**The task**
Find the line with "Ryan Reynolds and" in the records below. Output exactly from there until after the line with "May include: A", without pictures.

**Records for processing**
━━━━━━━━━━━━━━━━
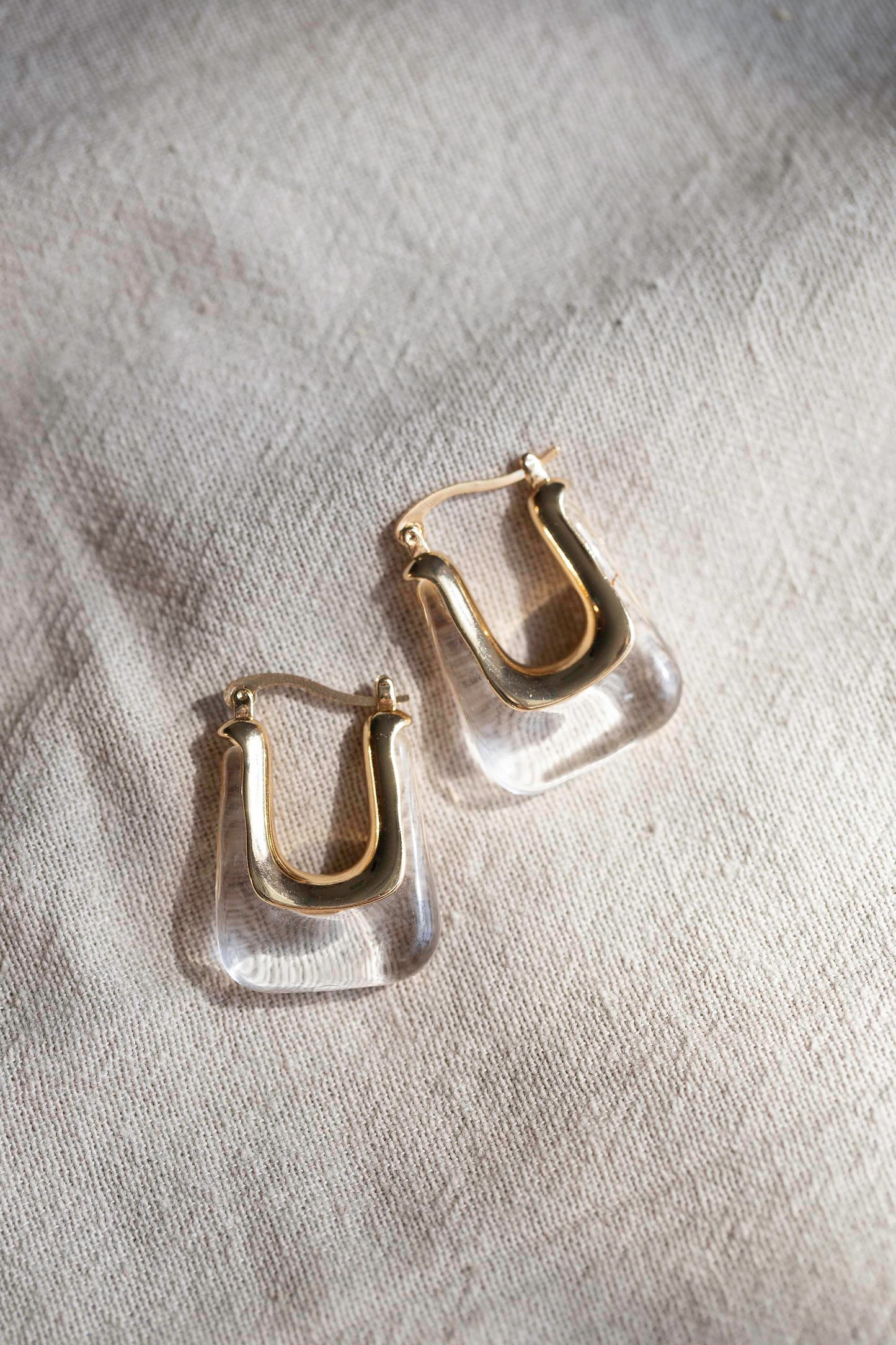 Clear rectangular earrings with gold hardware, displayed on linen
━━━━━━━━━━━━━━━━
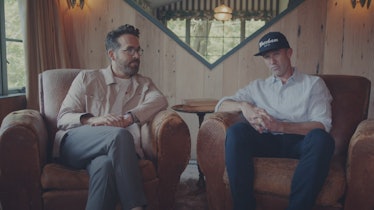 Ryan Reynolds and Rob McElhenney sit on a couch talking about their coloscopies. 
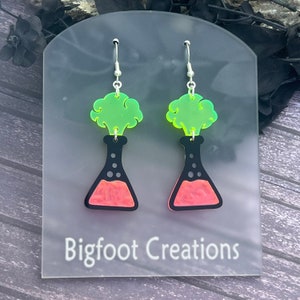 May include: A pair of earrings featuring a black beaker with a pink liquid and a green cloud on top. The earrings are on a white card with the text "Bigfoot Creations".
━━━━━━━━━━━━━━━━
**Completed task**
 Ryan Reynolds and Rob McElhenney sit on a couch talking about their coloscopies. 
 May include: A pair of earrings featuring a black beaker with a pink liquid and a green cloud on top. The earrings are on a white card with the text "Bigfoot Creations".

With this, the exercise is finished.